Riprendo fra un paio di giorni. Intanto posto parole non mie, che mi hanno colpito assai. Secondo una certa corrente filosofica l'apprendistato linguistico delle donne avviene per via materna, e la letteratura femminile sarebbe caratterizzata da un linguaggio a sé stante, diverso da quello su cui si fonda la scrittura maschile. A leggere Paola Lovisolo, negli inediti pubblicati nella rivista elettronica Bollettino '900 l'impressione è proprio questa, di una lingua 'nuova', di un pensiero femminile 'altro'.

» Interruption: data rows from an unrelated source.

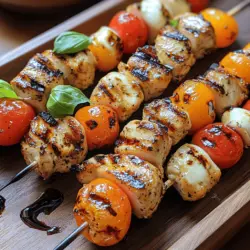 If you're looking for a delightful way to enjoy a combination of fresh, vibrant flavors, look no further than Caprese Chicken Skewers. This dish brings together the classic elements of a Caprese salad—juicy tomatoes, creamy mozzarella, and aromatic basil—with tender chicken, all perfectly grilled and served on skewers. Not only are these skewers visually appealing, making them an excellent choice for gatherings and parties, but they also provide a deliciously satisfying option for lunch or dinner.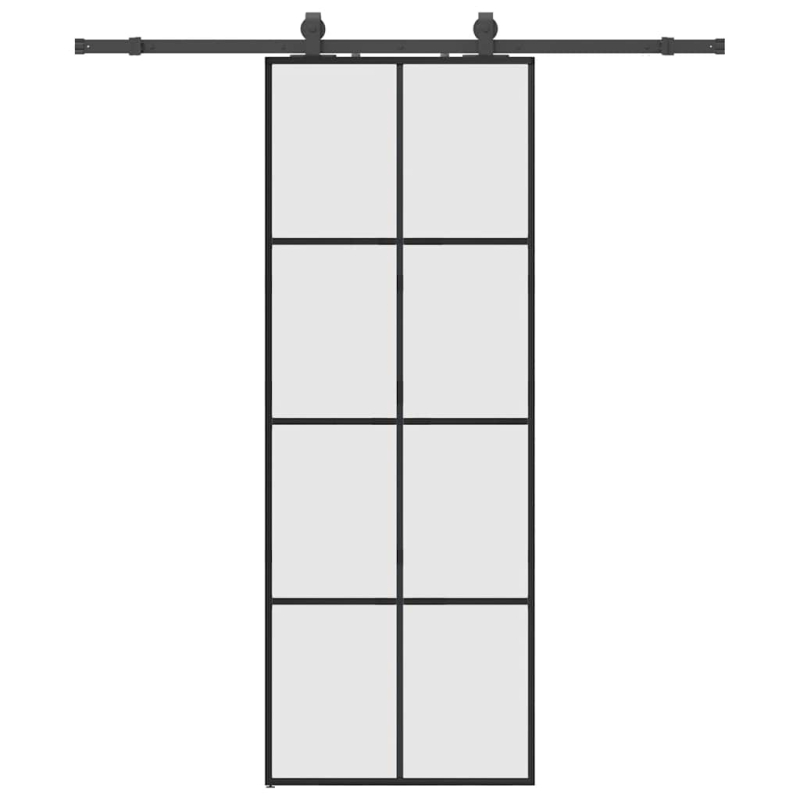 Schiebetür mit Beschlag Schwarz 76x205 cm ESG-Glas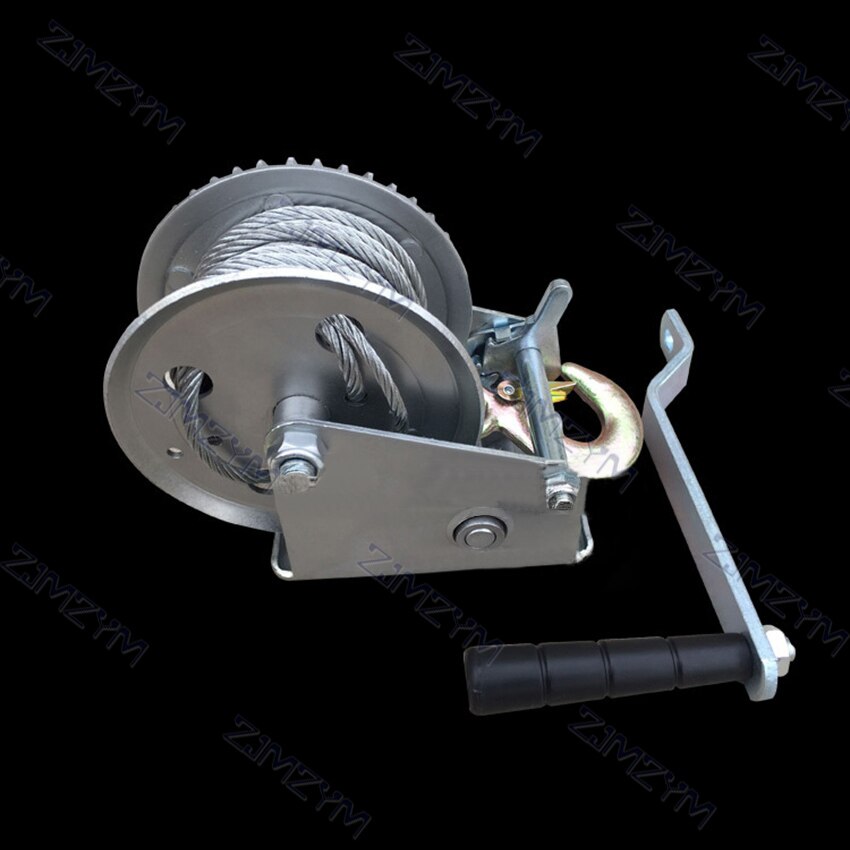 2500lbs Steel Cable Hand Winch Crank Gear Winch Atv Boat Trailer Heavy Duty Manual Winch 8m Cable Solid Wire Rope Hand Tool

Omne male percusiccio omne malestravalcaticcio
omne male fantasmaticcio d'eco el toglia
et la terra l'arecoglia et non noccia ad cristiano.

ecco una delle formule magiche per sanare i mali,
imparando straniera in terra tonda,
immigrata nella mania di mostrare il culo e l'anima,
di dire sempre che senza zucchero, inzaccherato zucchero
mancina, offesa nella forgia spenta della tua tristezza.
una cosa necessaria, una pentola acqua e bicarbonato
per alleviare le tinte dal tuo letto a mezzadria incolta,
senza pretese nemmeno di disfarsi.
una formula magica trasforma in papera l'imparagonabile
che sta nella cronologia di crudele a sfondo nero.
omne male girati al sale, appendi le spalle e fatti cadere:
sei morta? scanna calami aromatici nel porcile rumoroso
di tutte le ore che passate: io sono cosa(?), non c'è paragone
con la linea retta ma non posso ancora aspirarmi i noduli beffardi
che corrugano le tue nevrosi metriche.

et la terra l'arecoglia (omè) et non noccia ad cristiano fino
a dopo le ore canoniche, cristiano fachiro ungulato, di sbieco,
in un affacciarsi lontano dai luoghi comuni, comune.
voglio un'urna che resti tra le fauci del tuo duello sorridere,
voglio restare una mano magra fotografata sulla tua guancia,
voglio un porco che mi indichi i tartufi da mandarti e voglio
un'impalatore che sappia attraversare i muri.
voglio te mi espianti l'eco dalla trachea e che nel tuo pitale
rimangano i miei denti, l'orecchino e qualche soffio
e che al pene tu racconti tra un giorno, quanti ferri siano arruginiti
negli incontri opposti
et la terra e il fumo mi attraverseranno come frange e le tue braccia
solenni
fino ai miei piedi strapperanno le caviglie che cucirai ai polsini di
camicie

da battesimo...

e pura devastata, piegato il bavaglio sul omero del sentiero,
et la terra l'arecoglia queste alabarde rosa e questo buco ombrofobo
teneramente millenario che canta picche sul campo dell'obbedienza.